§ **Data extract**
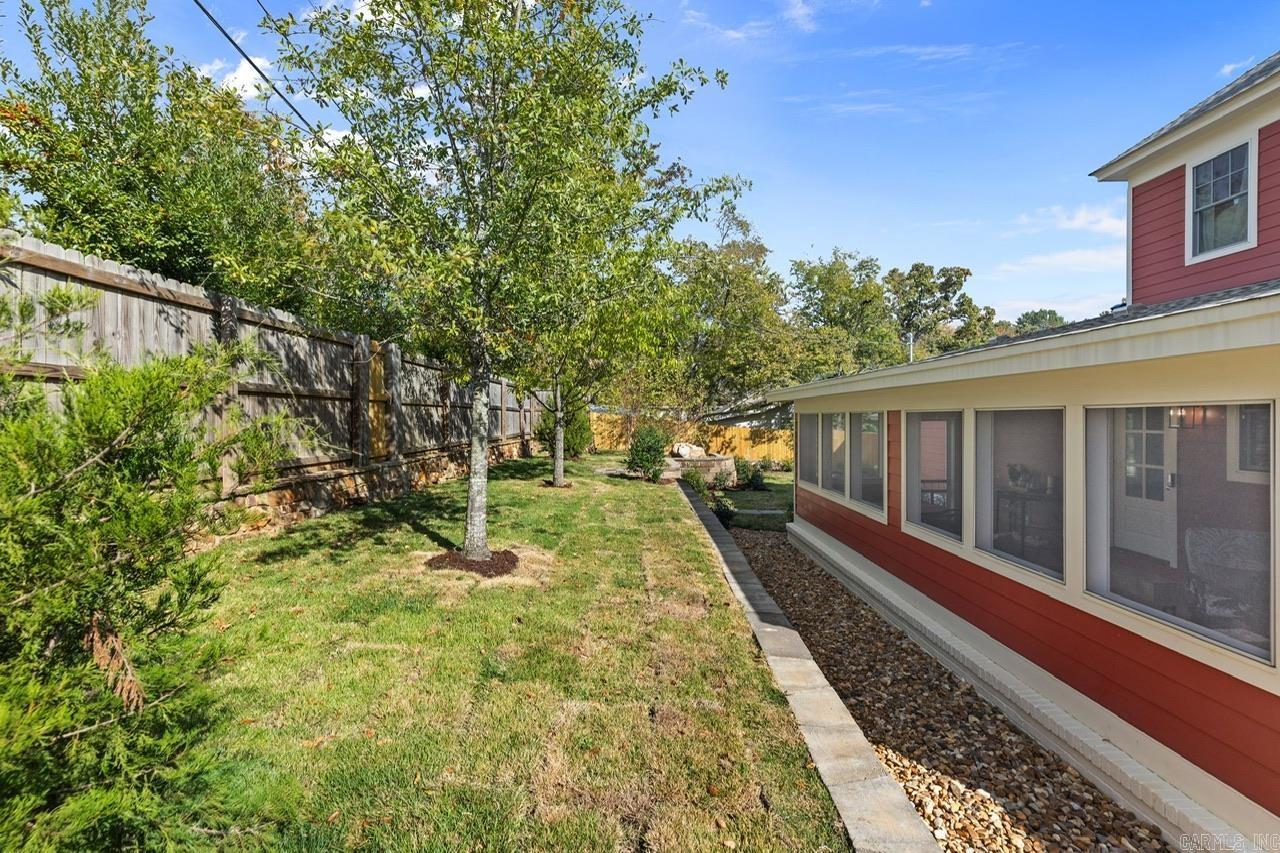 AUTEN & MOSS - Residential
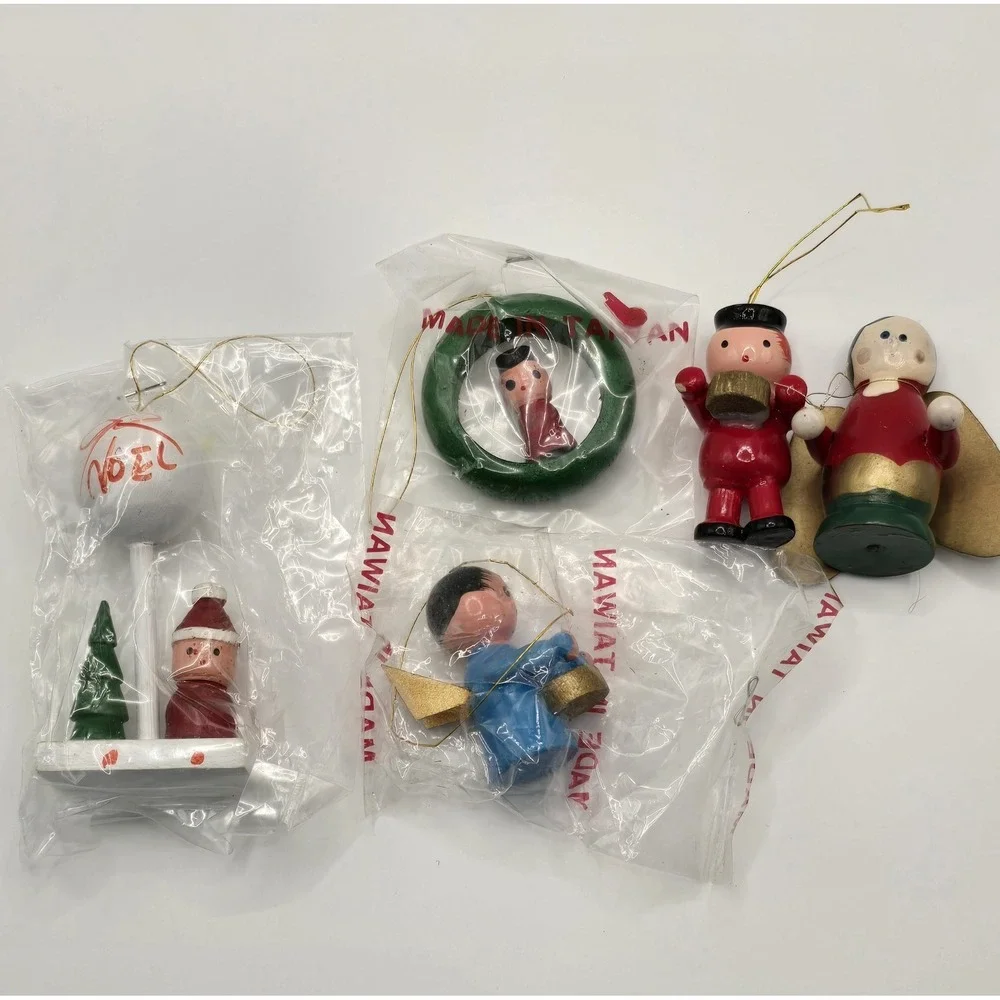 Small wooden Christmas Ornaments‎ Vtg Taiwan Painted People Wood Winter Decor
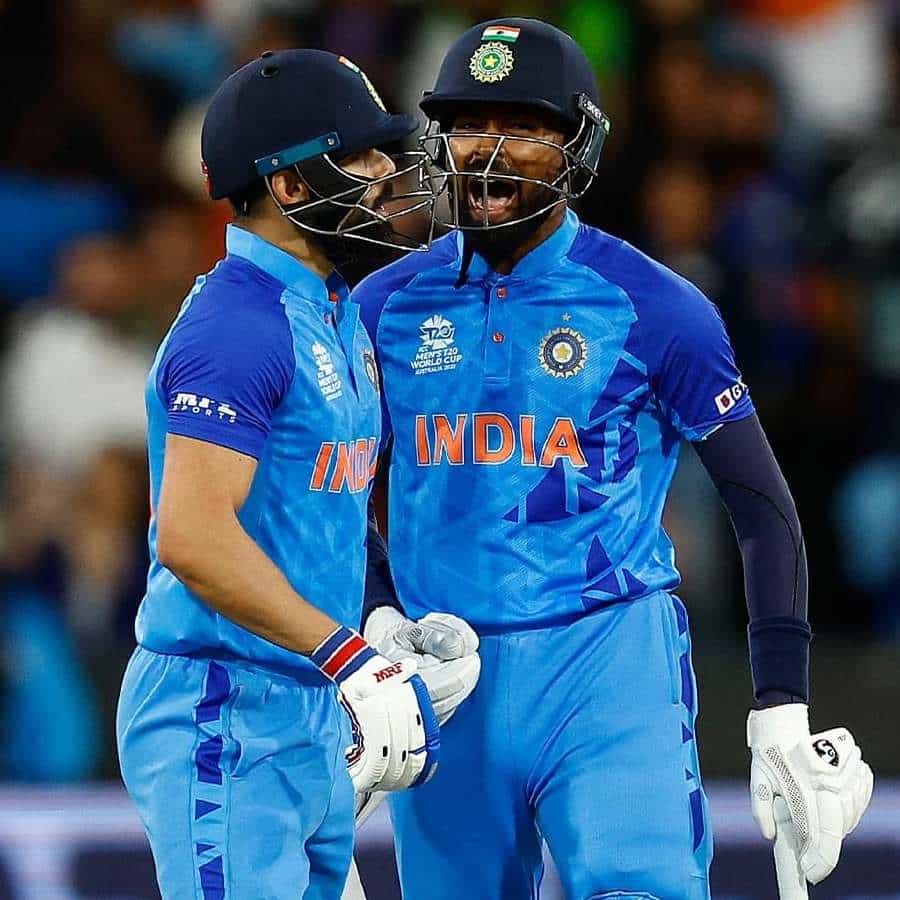 ಮೆಲ್ಬೋರ್ನ್ನಲ್ಲಿ ನಡೆದ ಪಾಕಿಸ್ತಾನ್ ವಿರುದ್ಧದ ಪಂದ್ಯದಲ್ಲಿ ಟೀಮ್ ಇಂಡಿಯಾ ರೋಚಕ ಜಯ ಸಾಧಿಸಿತು. ಈ ಗೆಲುವಿನ ರೂವಾರಿಗಳೆಂದರೆ ವಿರಾಟ್ ಕೊಹ್ಲಿ ಹಾಗೂ ಹಾರ್ದಿಕ್ ಪಾಂಡ್ಯ.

§ **Work task**
Write out the listing word for word, omitting the pictures it holds.

§ **Completed task**
 AUTEN & MOSS - Residential
 Small wooden Christmas Ornaments‎ Vtg Taiwan Painted People Wood Winter Decor
 ಮೆಲ್ಬೋರ್ನ್ನಲ್ಲಿ ನಡೆದ ಪಾಕಿಸ್ತಾನ್ ವಿರುದ್ಧದ ಪಂದ್ಯದಲ್ಲಿ ಟೀಮ್ ಇಂಡಿಯಾ ರೋಚಕ ಜಯ ಸಾಧಿಸಿತು. ಈ ಗೆಲುವಿನ ರೂವಾರಿಗಳೆಂದರೆ ವಿರಾಟ್ ಕೊಹ್ಲಿ ಹಾಗೂ ಹಾರ್ದಿಕ್ ಪಾಂಡ್ಯ.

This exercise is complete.